Abstract:

Ion-adsorption type rare earth element (REE) deposits are of strategic significance and commonly occur within deeply weathered profiles in tropical humid regions. However, evaluating their resource potential and delineating prospective zones remain challenging due to complex spatial variability and limited sampling data. In this study, modern techniques including geostatistical interpolation (Kriging) and machine learning models such as Random Forest (RF) and Support Vector Machine (SVM) were integrated to analyze geochemical data and model the spatial distribution of REE across a 10 km² study area. Based on 30 field sampling points and a simulated grid of 10,000 locations, the RF and SVM models were trained to classify prospective zones using REE_sum concentrations.
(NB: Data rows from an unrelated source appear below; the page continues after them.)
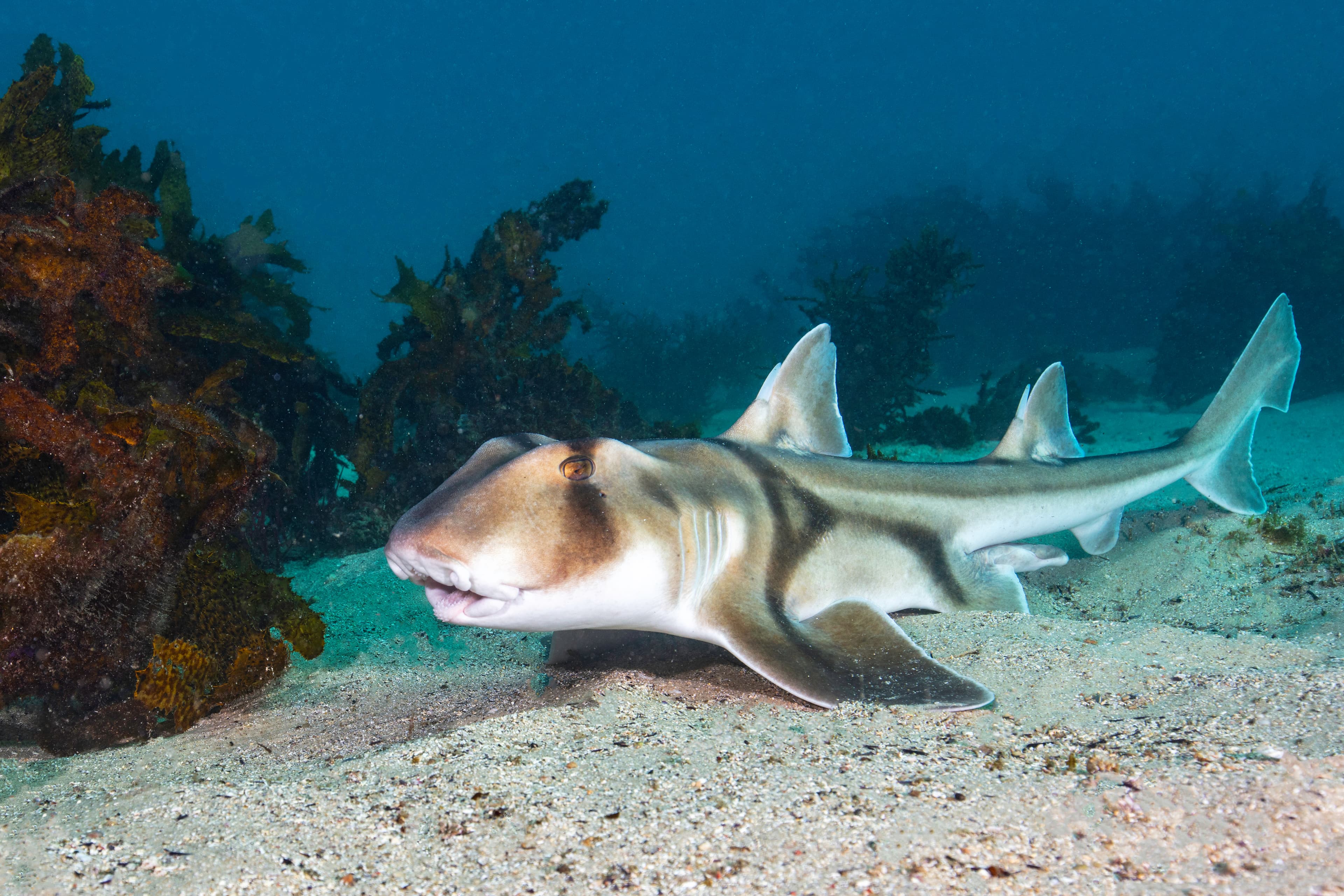 Port Jackson Shark (Heterodontus portusjacksoni) on sandy sea floor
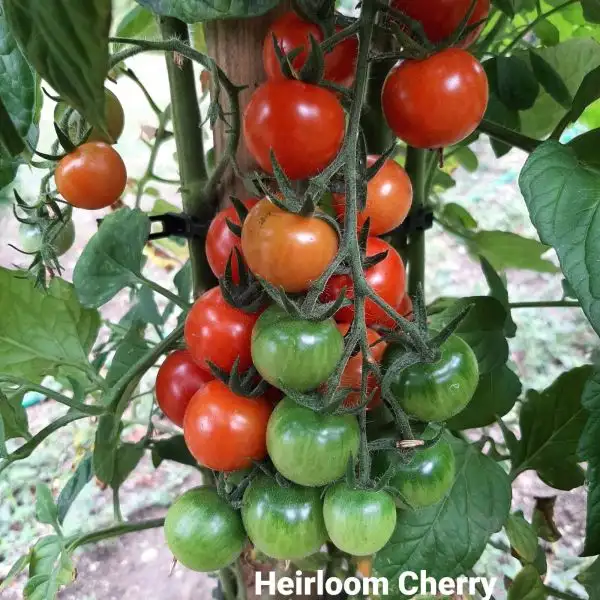 Tomaten: Heirloom Cherry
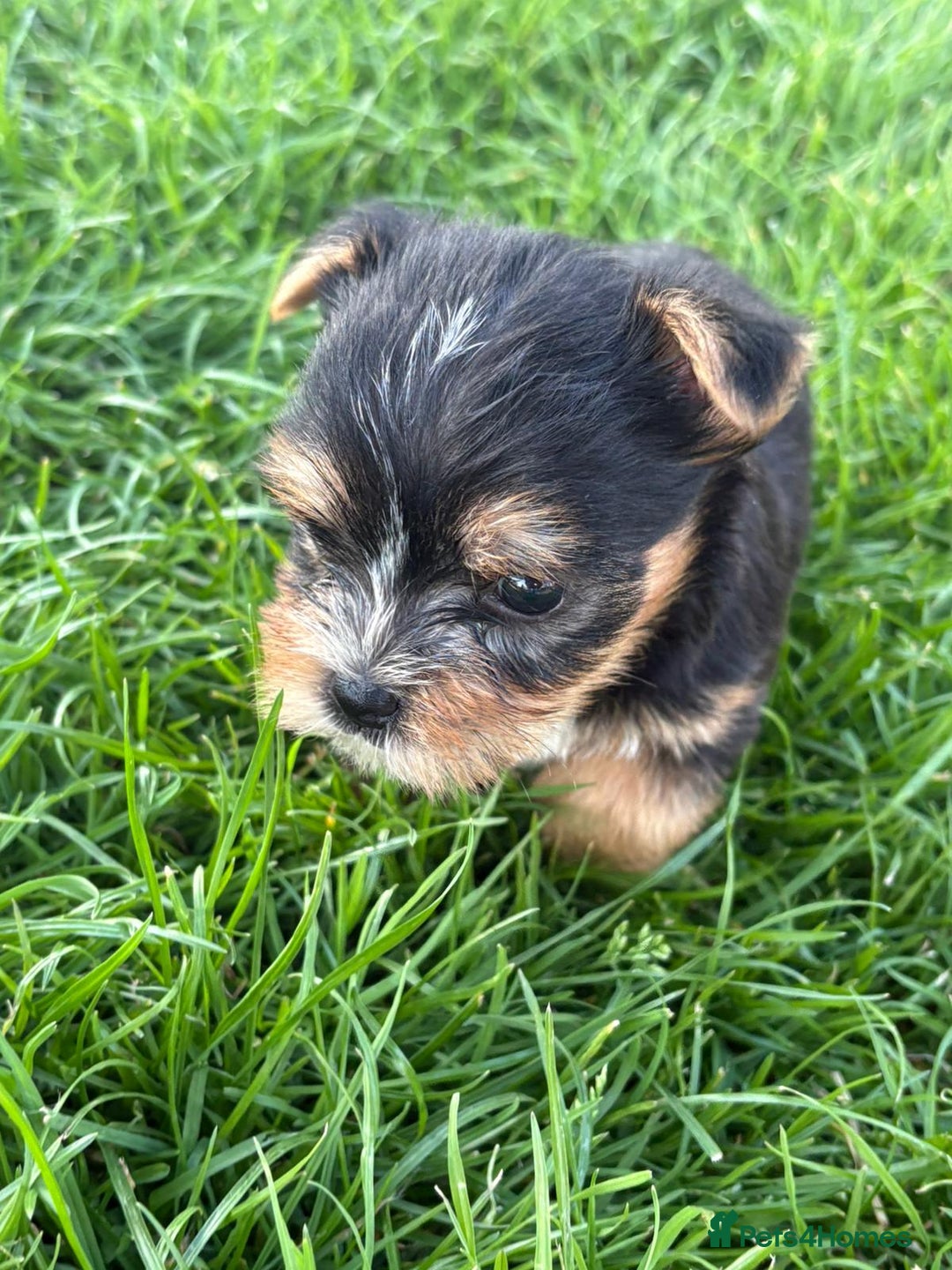 Chorkie dogs for sale: 3 beautiful chorkie puppies for sale - Image 4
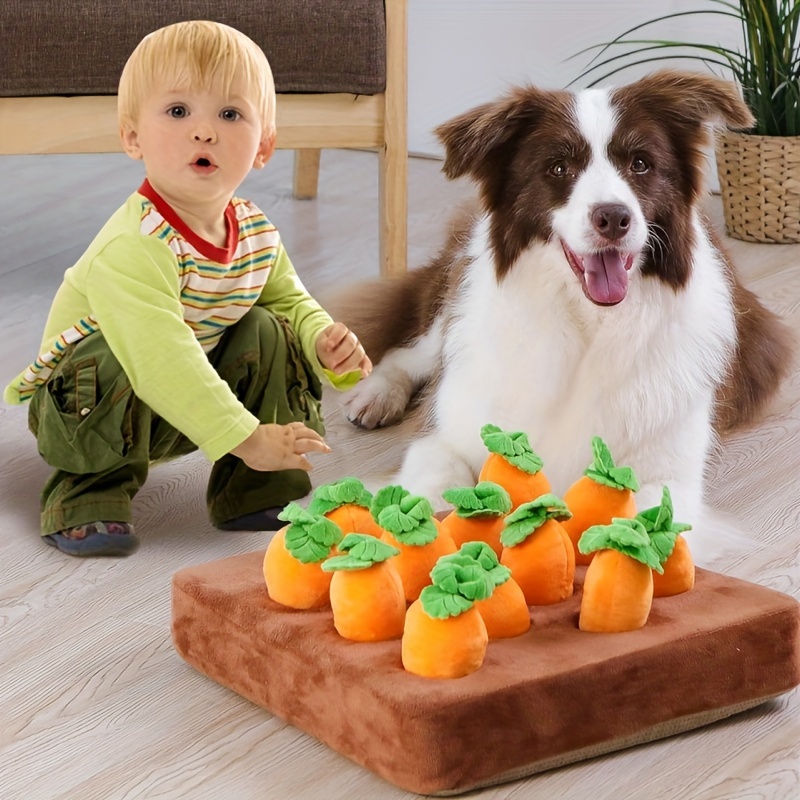 Interactive Dog Toy Squeaky Carrots Enrichment Puzzle Toys, Hide and Seek,  Carrot Farm, Dog Chew, Carrot Patch Snuffle Patch - AliExpress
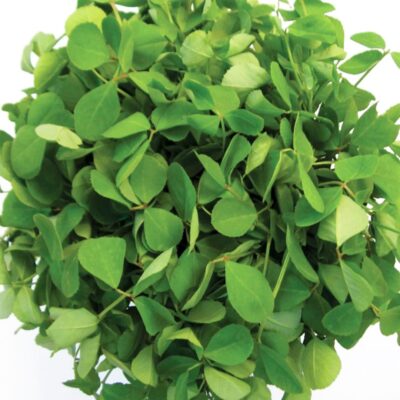 Kasturi Methi Seeds, Uluva Seeds, Fenugreek Seeds India, Aromatic Herb Seeds, Kasuri Methi Cultivation, Anugraha's Seed World.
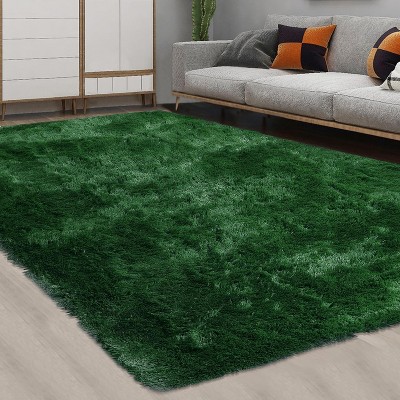 Fluffy Area Rug- Shag Area Rug for Living Room, Shaggy Large Indoor Thick Living Room Carpet with Non-Slip Backing, Soft Plush Carpet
The classification results revealed that the central area exhibited the highest probability of REE enrichment, consistently identified by both RF and SVM models. Kriging interpolation (on a log-transformed scale) showed a clear geochemical gradient with REE concentrations decreasing outward from the center, demonstrating strong spatial continuity. The study area was further subdivided into 500 m × 500 m blocks for resource estimation, resulting in a total calculated resource of approximately 11,300 tonnes of REE, predominantly concentrated in the central blocks. A 3D block model was constructed to support spatial visualization and aid in future mine planning. This study demonstrates the effectiveness of integrating Kriging and machine learning models for spatial modeling and resource assessment of ion-adsorption rare earth deposits. Beyond its methodological contribution, the study provides scientific and practical significance by establishing a data-driven workflow applicable to similar REE_sum-based investigations in Vietnam, supporting strategic resource planning.